§ **Data extract**

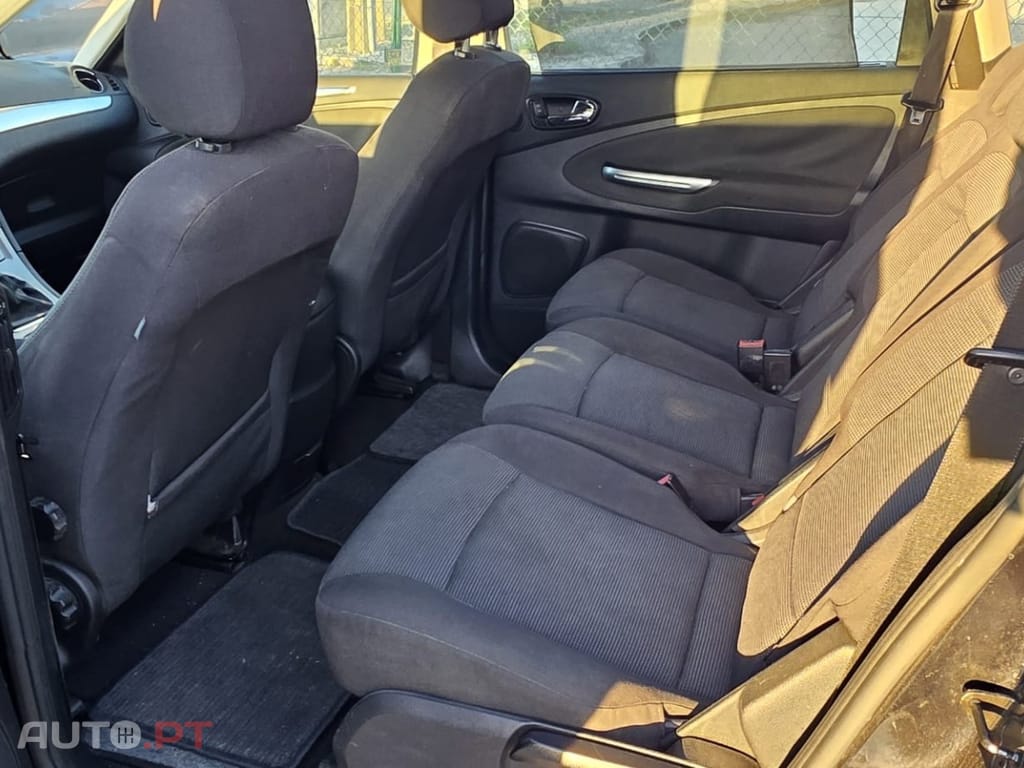 Ford S-Max 1.8 TDCi Titanium 7L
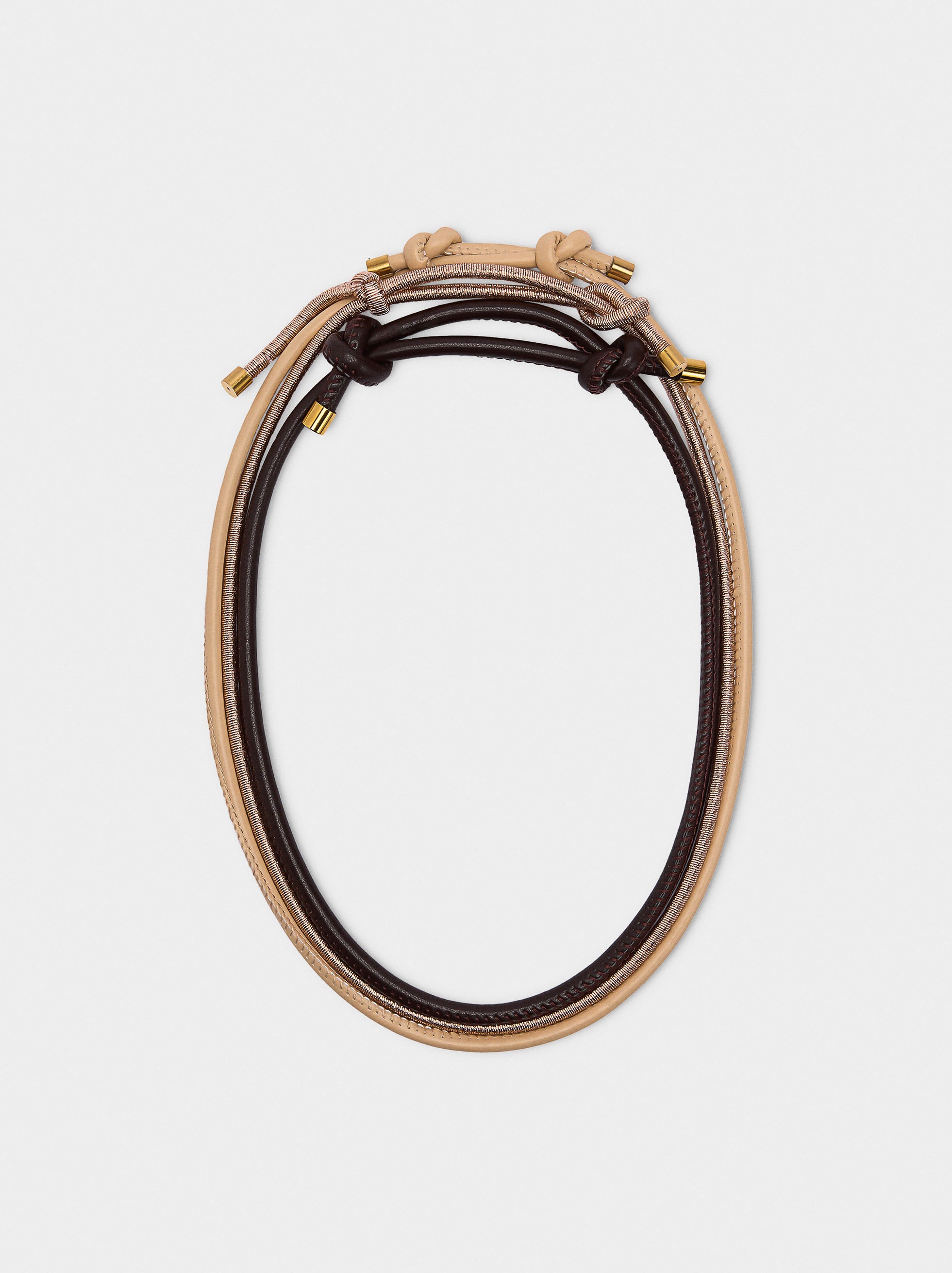 Set De Collares Con Cordón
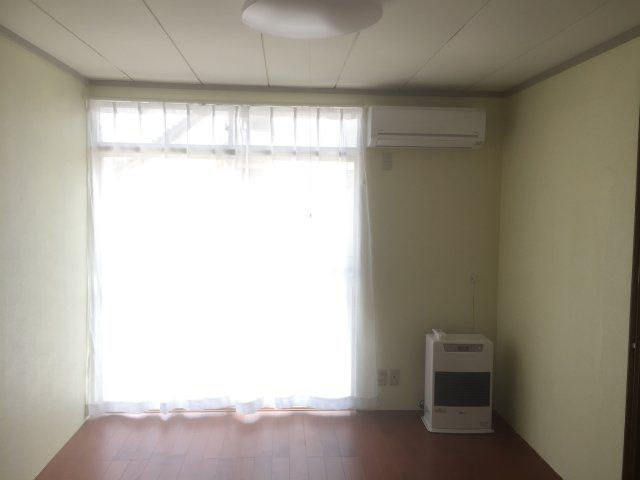 シティハイムの居間・リビング|ゆったりとした居間です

§ **Required work**
All of the material above must be given again verbatim, except for the pictures.

§ **Exercise result**
 Ford S-Max 1.8 TDCi Titanium 7L
 Set De Collares Con Cordón
 シティハイムの居間・リビング|ゆったりとした居間です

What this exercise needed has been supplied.